Long overdue and much needed.
“US weighs dropping Pakistan as an ally,” by Katrina Manson, Financial Times, September 15, 2017:
The Trump administration is considering dropping Pakistan as an ally as it examines tough measures to quell more than 20 terrorist groups it says are based in the country.
Officials familiar with the Pakistan prong of Washington’s new “AfPak” strategy — which involves an open-ended commitment in Afghanistan and praise for India — say it has yet to be fleshed out. But they have plenty of levers.
President Donald Trump last month promised to get tough on Pakistan, accusing it of “housing the very terrorists that we are fighting”. It was the most public breach yet in an often rocky relationship.
“No US president has come out on American national television and said such things about Pakistan,” said Husain Haqqani, former Pakistan ambassador to the US.
“US policymakers are at the end of their tethers about what they see as Pakistan not helping them while promising to help them.”
The administration has already put $255m in military aid on hold after Mr Trump announced the policy shift. It is eyeing an escalating series of threats, which include cutting some civilian aid, conducting unilateral drone strikes on Pakistani soil and imposing travel bans on suspect officers of the ISI, the country’s intelligence agency. It could also revoke Pakistan’s status as a major non-Nato ally or designate it a state sponsor of terrorism.
The latter options would limit weapons sales and probably affect billions of dollars in IMF and World Bank loans, along with access to global finance….

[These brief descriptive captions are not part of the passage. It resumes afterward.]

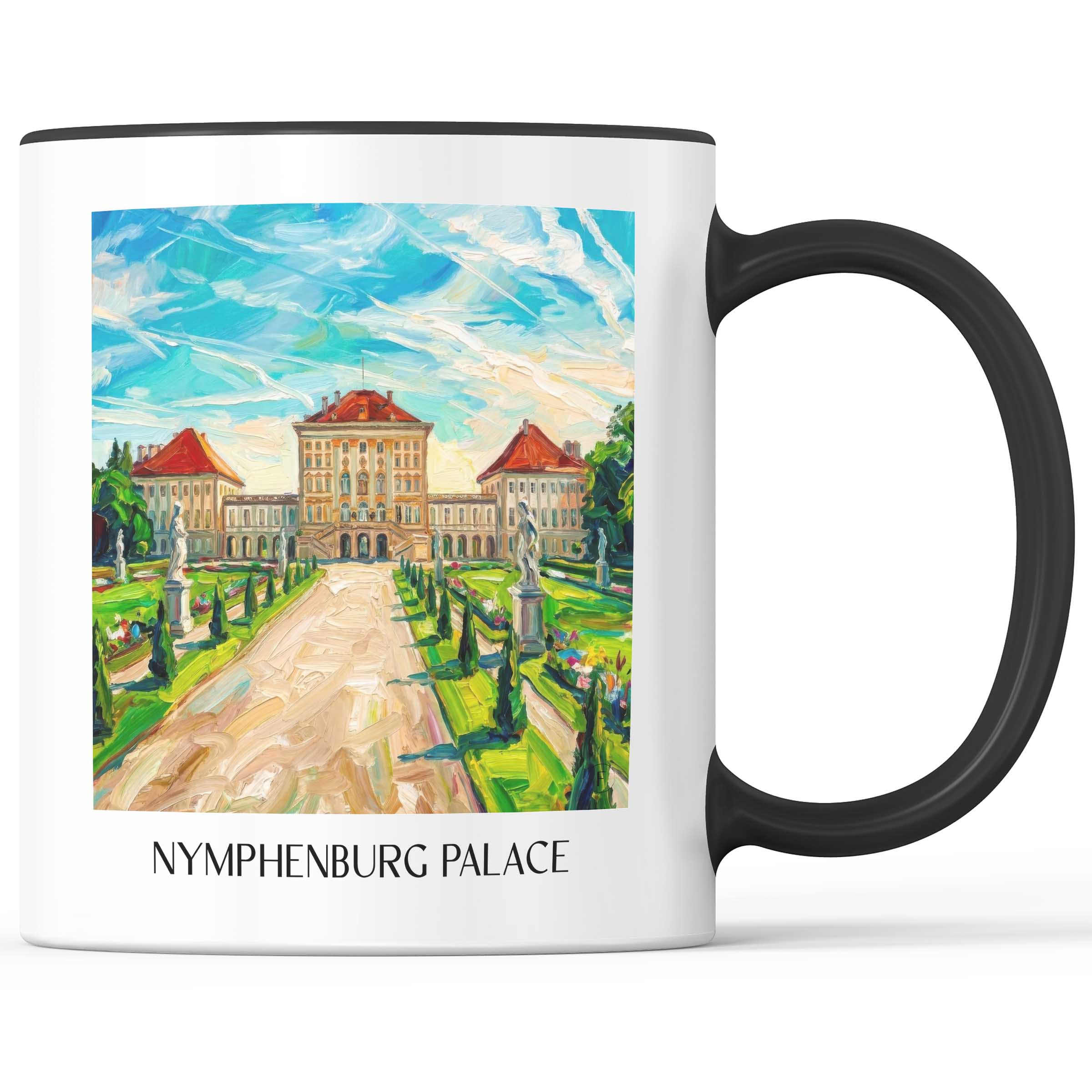 Schloss Nymphenburg Kaffeebecher - München - Deutschland Becher - Kaffeetasse im Ölgemälde Stil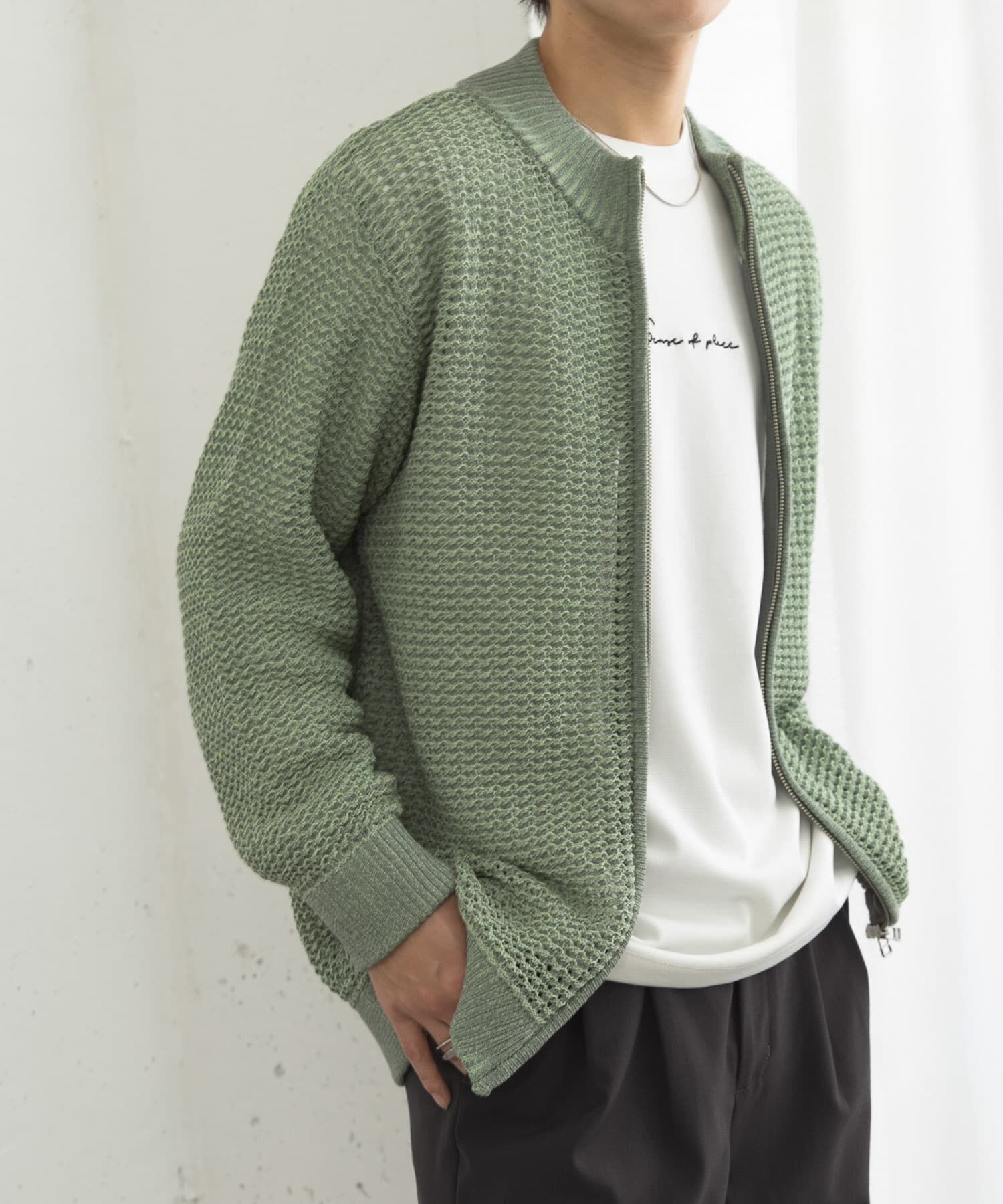 SENSE OF PLACE by URBAN RESEARCH「『ユニセックス』『洗濯可』シアーメッシュドライバーズカーディガン」|カーディガン|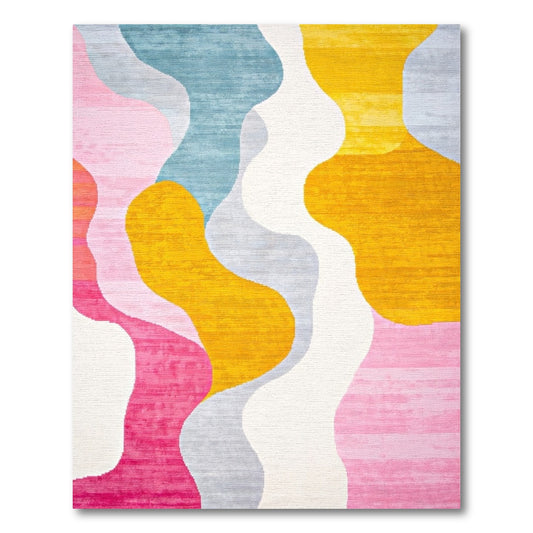 Vibrant Teal Pink Yellow Wavy Rug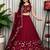 Maroon Embroidery and sequins and Aari mirror Silk Blend Lahenga Choli Set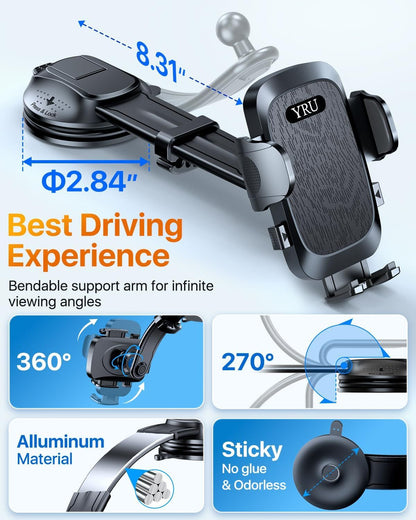 2026 Ultimate Car Phone Holder Mount Bendable & Adjustable Aluminum Arm Cell Phone Holder for Car Dashboard Windshield Phone Stand for iPhone 17 16 15 14 Pro Max Samsung Pickup Truck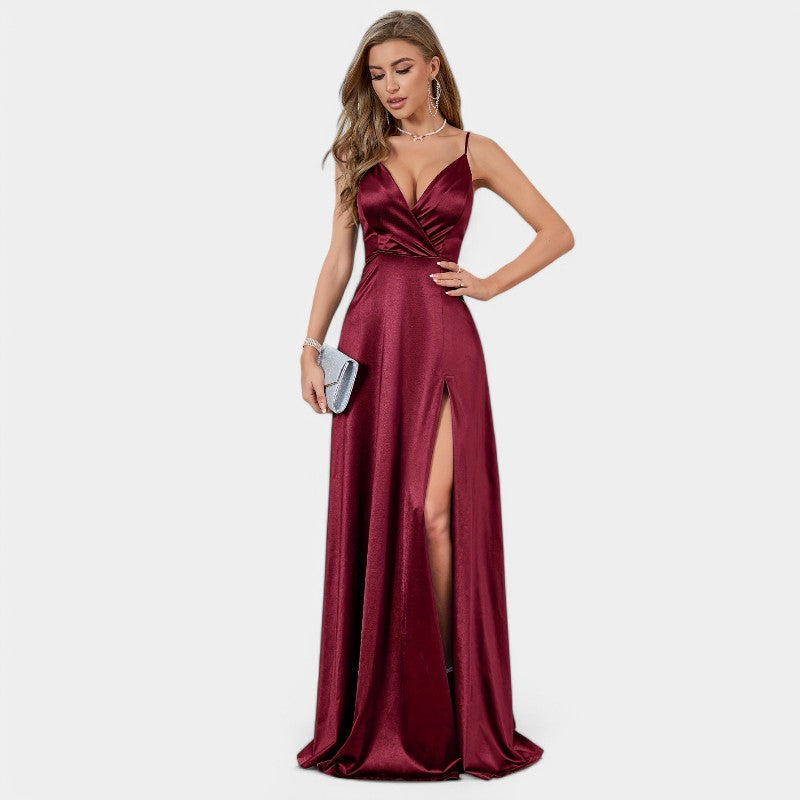 Vrouwen Formele Maxi Jurk Met V-Hals Satin 8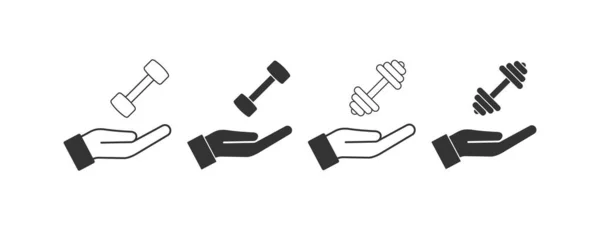 Offene Hand Und Hantelsymbol Illustration Von Hand Und Gewicht Zeichen — Stockvektor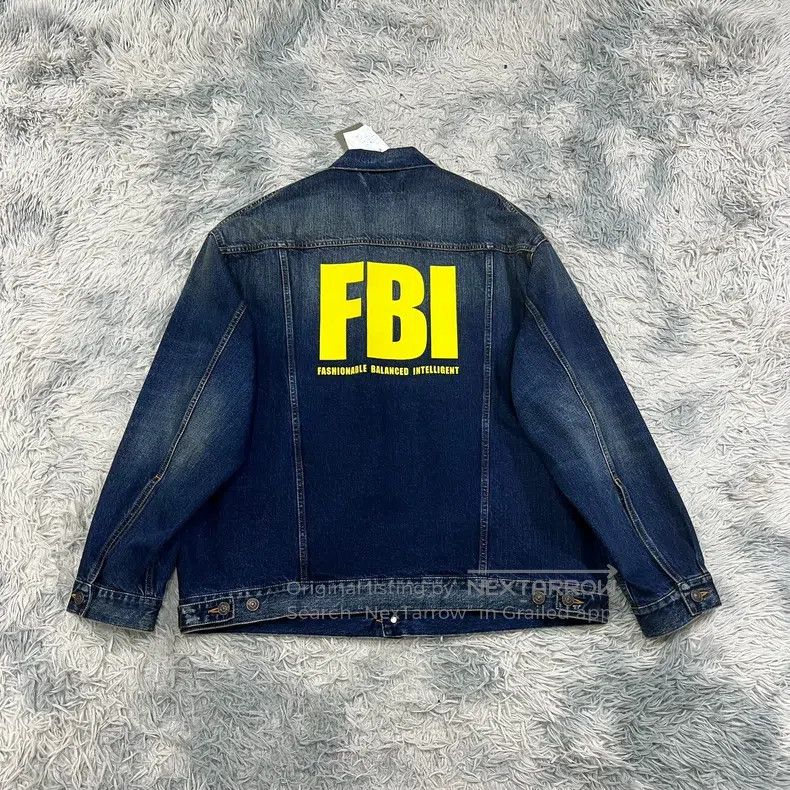 Balenciaga Balenciaga FBI Denim Jacket, Size L Size US S / EU 44-46 / 1 - 6 Thumbnail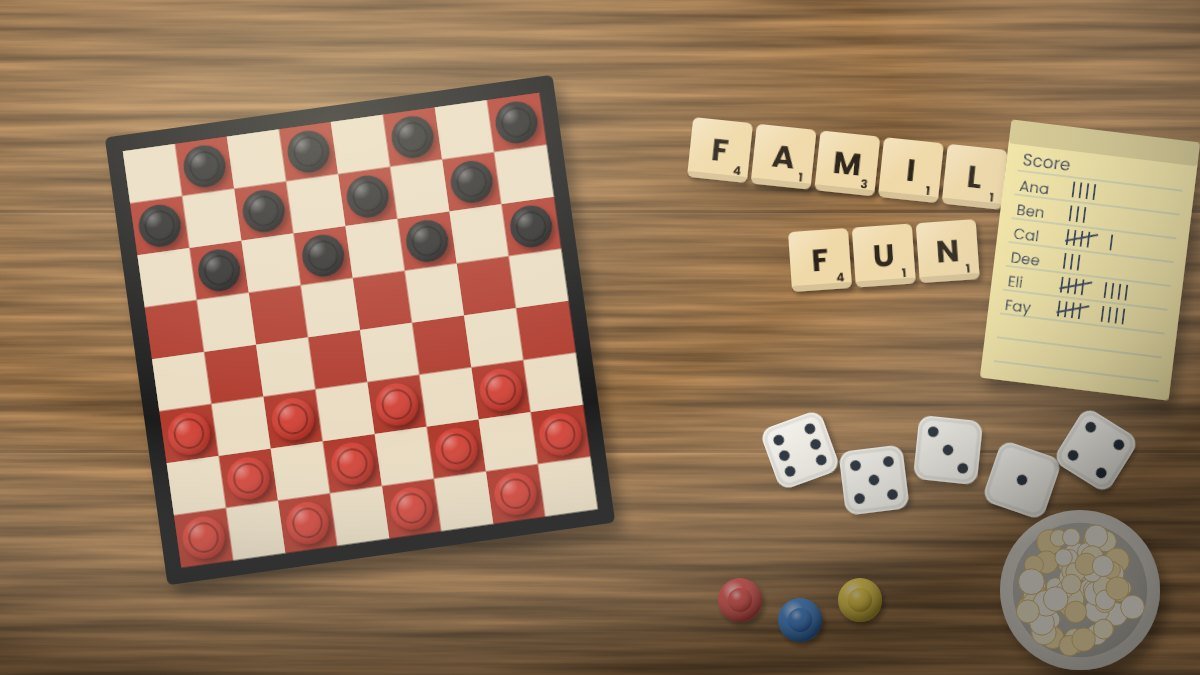 Family of four playing a classic board game together around a living room coffee table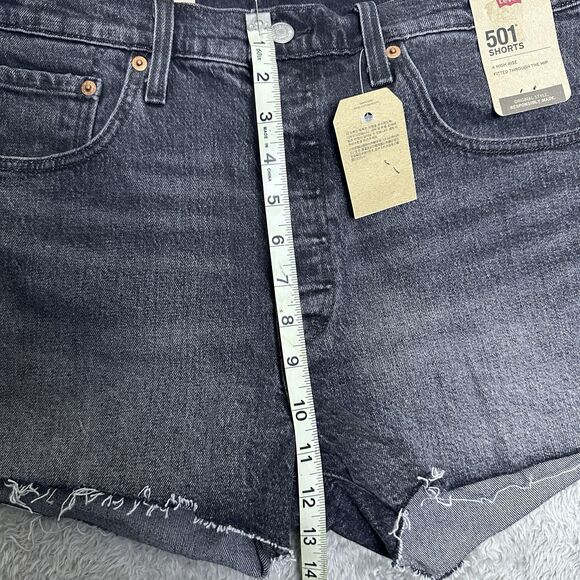 Levi's‎ Womens 501 Denim Shorts Black Raw Hem High Rise Size 31 Button Fly New - Picture 6 of 11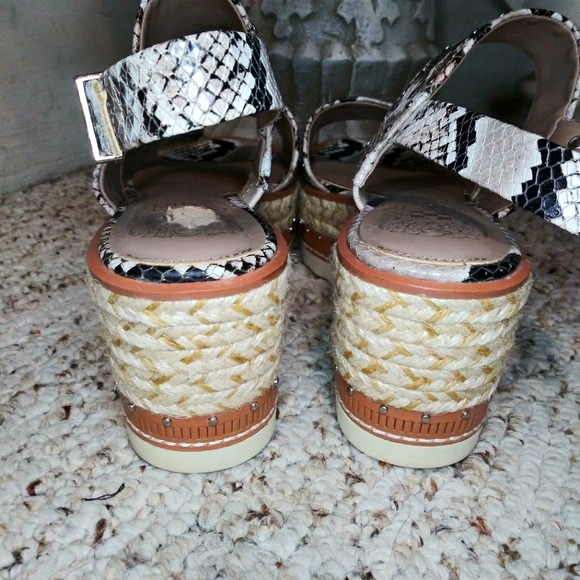 Vince Camuto Marsa Black, Silver & Taupe, Faux Snakeskin Platform Sandals - Picture 6 of 13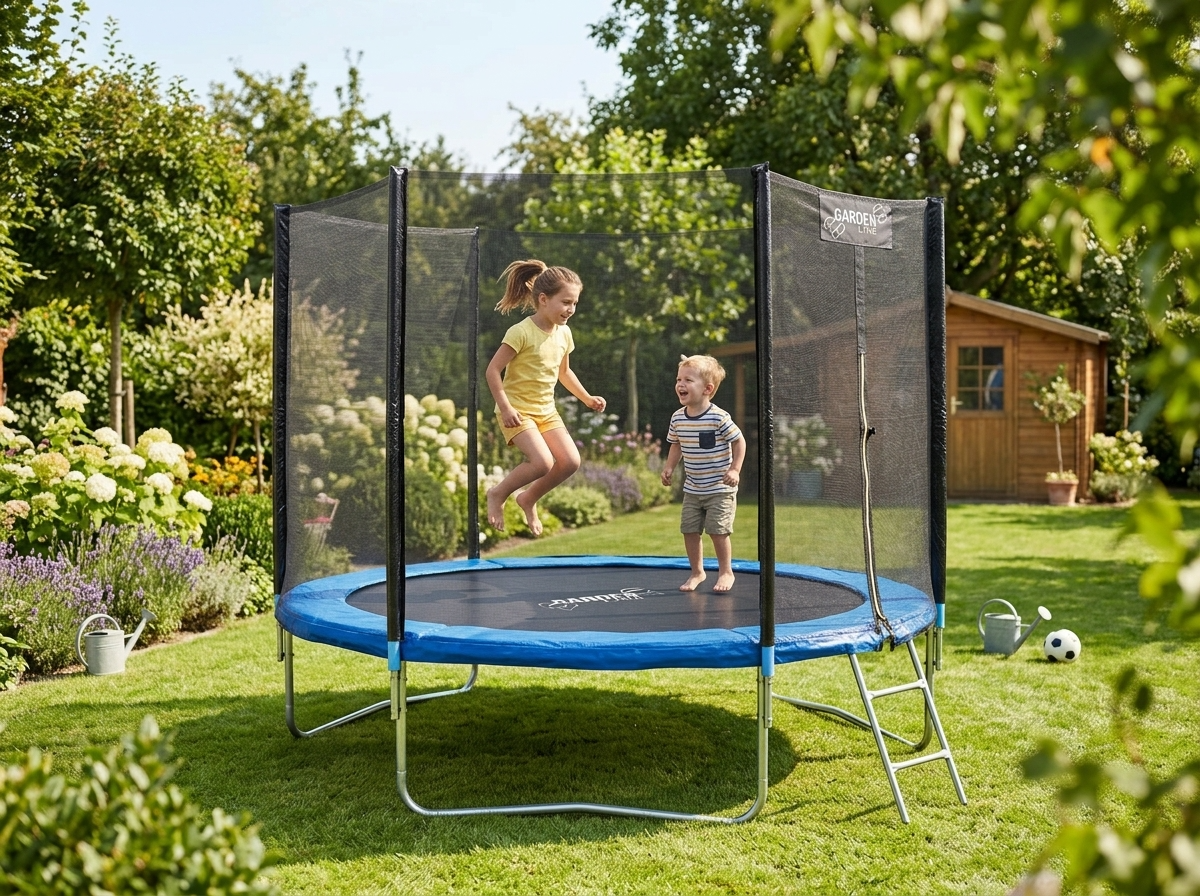 TRAMPOLINA 10FT 312 CM Z DRABINKĄ I SIATKĄ ZABEZPIECZAJĄCĄ - obrazek 12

EDITORS NOTE: According to the Center for Global Development, “The United States began providing economic assistance along and military aid to Pakistan shortly after the country’s creation in 1947. In total, the United States obligated nearly $67 billion (in constant 2011 dollars) to Pakistan between 1951 and 2011. The levels year to year have waxed and waned for decades as US geopolitical interests in the region have shifted. Peaks in aid have followed years of neglect. In several periods, including as recently as the 1990s, US halted aid entirely and shut the doors of the USAID offices. This pattern has rendered the United States a far cry from a reliable and unwavering partner to Pakistan over the years.” Read more.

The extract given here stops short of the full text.